Scaling Green Question #1: What do you see as the main opportunities and challenges – economic, political, technological, etc. - facing solar power generally, and Concentrated Solar Power (CSP) specifically, in the United States?

Belen Gallego: In order for the CSP industry to further develop, we need to look at resolving a few challenges for sure. Economic challenges aren't a rare occurrence at the moment, unfortunately. In fact, they affect most industries, as they are to a very large extent due to the world financial and economic situation. CSP is a proven, bankable technology, and in normal circumstances  it would be possible to finance even large-scale projects.

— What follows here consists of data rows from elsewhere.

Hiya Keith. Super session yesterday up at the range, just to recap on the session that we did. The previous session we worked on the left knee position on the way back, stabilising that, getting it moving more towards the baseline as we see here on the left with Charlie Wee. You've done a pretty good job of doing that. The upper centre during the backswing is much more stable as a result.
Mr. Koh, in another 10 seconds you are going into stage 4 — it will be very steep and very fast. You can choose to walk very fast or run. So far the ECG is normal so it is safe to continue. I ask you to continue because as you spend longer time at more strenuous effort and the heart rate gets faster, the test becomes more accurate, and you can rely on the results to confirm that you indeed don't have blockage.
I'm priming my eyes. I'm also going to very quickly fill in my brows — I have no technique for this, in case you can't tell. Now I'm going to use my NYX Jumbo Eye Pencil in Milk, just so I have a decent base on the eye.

The biggest technological challenge that we have right now is reducing costs. This is already well under way, as costs have dropped significantly over the past 6 years of plants in operation, although more remains to be done. We need to remember that the rate of cost reduction in CSP is very respectable compared to many other industries. If I remember correctly, 6 years ago we were talking about $4.50 per installed watt for PV and now we are at less than $1.00 per installed watt.  This leapfrog type of development does happen, but it needs time and critical mass. Keep in mind that the PV industry had a history of 20+ years before CSP!

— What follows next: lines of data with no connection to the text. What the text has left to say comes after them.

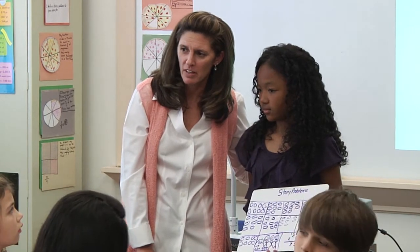Ben, help her out. What can she think about from now on when she's taking 25 multiple times? Quarters.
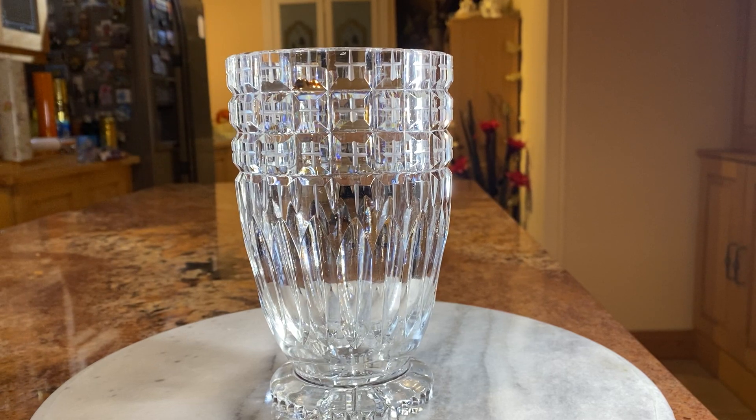Today I'd like to show you some lead crystal that I've got from second-hand stores and charity shops. Very cheap to acquire and very beautiful. Most of it hasn't been used before so it's very clean and very cheap.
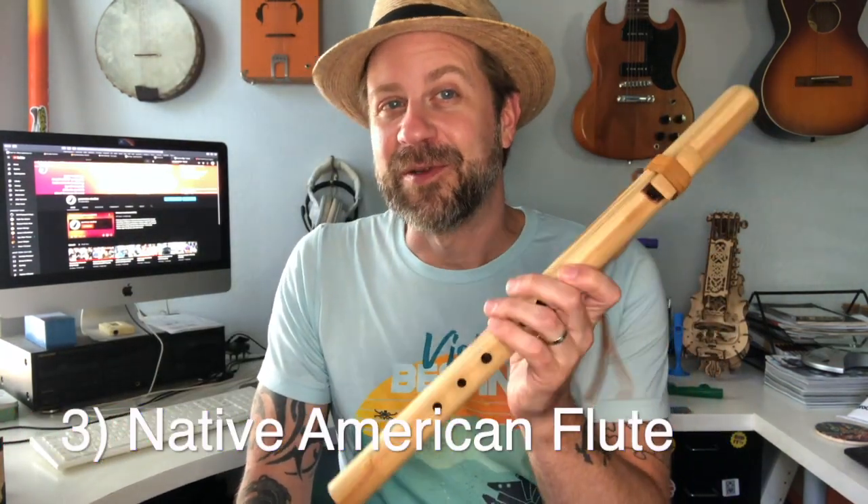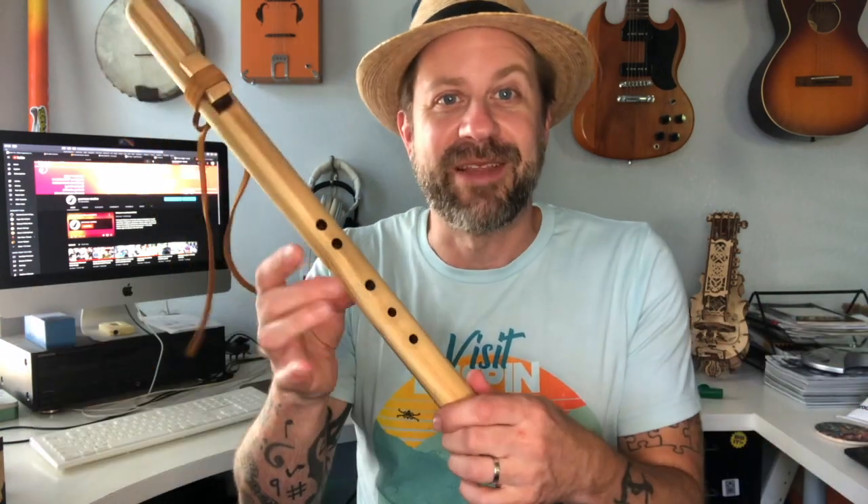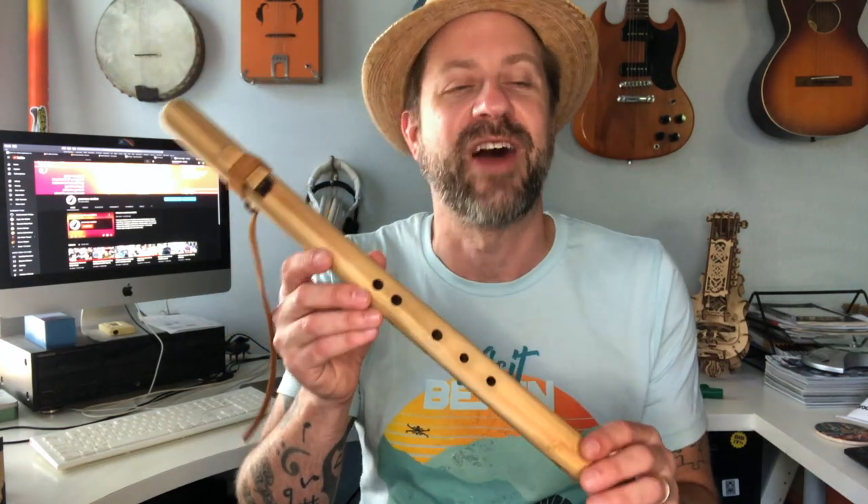The next instrument is my Native American flute. I know everything so far has been a wind instrument, and honestly I don't really think of myself as a wind instrument player. But the harmonica, the kazoo, and now the Native American flute are all very easy instruments for beginners to get started with. The majority of Native American flutes on the market have six holes, and the sixth hole you actually keep covered. There are also five-hole flutes, which I think is way smarter because it's the exact same thing but you don't have to constantly keep that hole covered. This one is from Blue Bear.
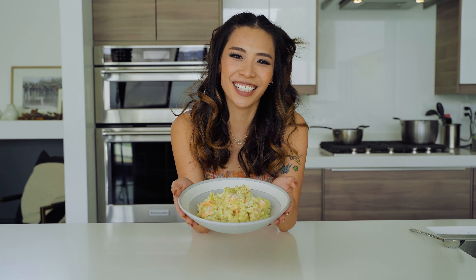Hey guys, today I'm going to be showing you how to make Hawaiian style macaroni salad. It's the perfect side dish to any Hawaiian food such as Spam musubi, kalbi ribs, or even pork katsu, and it's so easy and delicious.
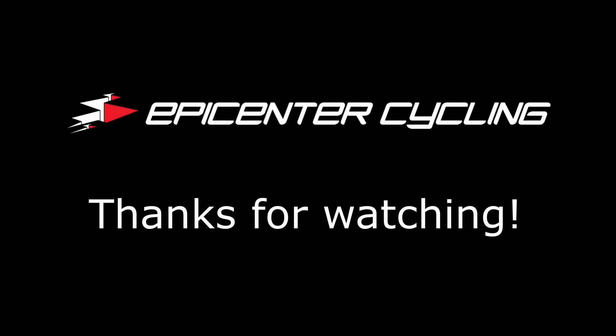That is everything you need to know about the Electra Vale Go. We'll see you in the next video.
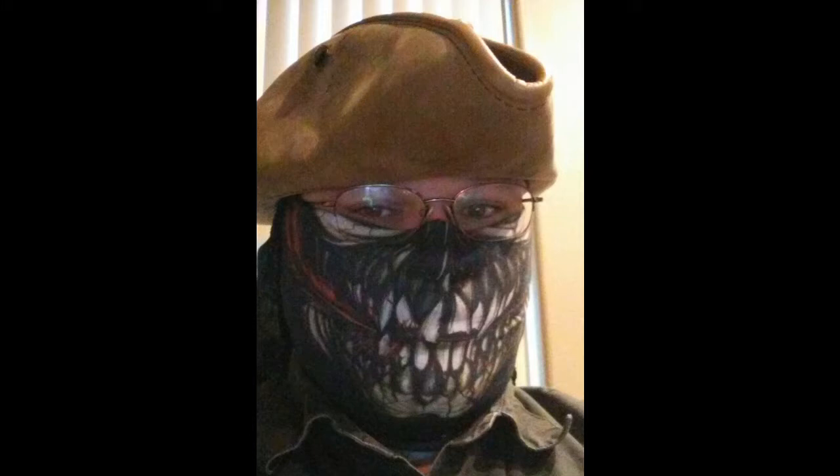Hello everyone and welcome back, this is Veteran Mountain Man on another Prepared Monday. I want to talk to you today about your car kit. For those of you who know what I'm talking about, you'll know that I keep an emergency kit in my car. Mine's not fully stocked up right now, but I'm going to make some recommendations — some of these are things I'm improving on my own kit, and some are things I already do.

The political challenge, which is also a NIMBY challenge, that we face is communication. Renewable energy appeals to the end consumer, as well as to governments, and that appeal makes sense, because to avoid climate change and an uncertain energy outlook, we must develop the right technologies. However, as a niche industry, I believe that CSP isn't doing all we can to communicate the immense value that CSP has for grid stability, for example. It is by communicating the inherent value added of CSP that the technology's full potential  and key role to play will be understood.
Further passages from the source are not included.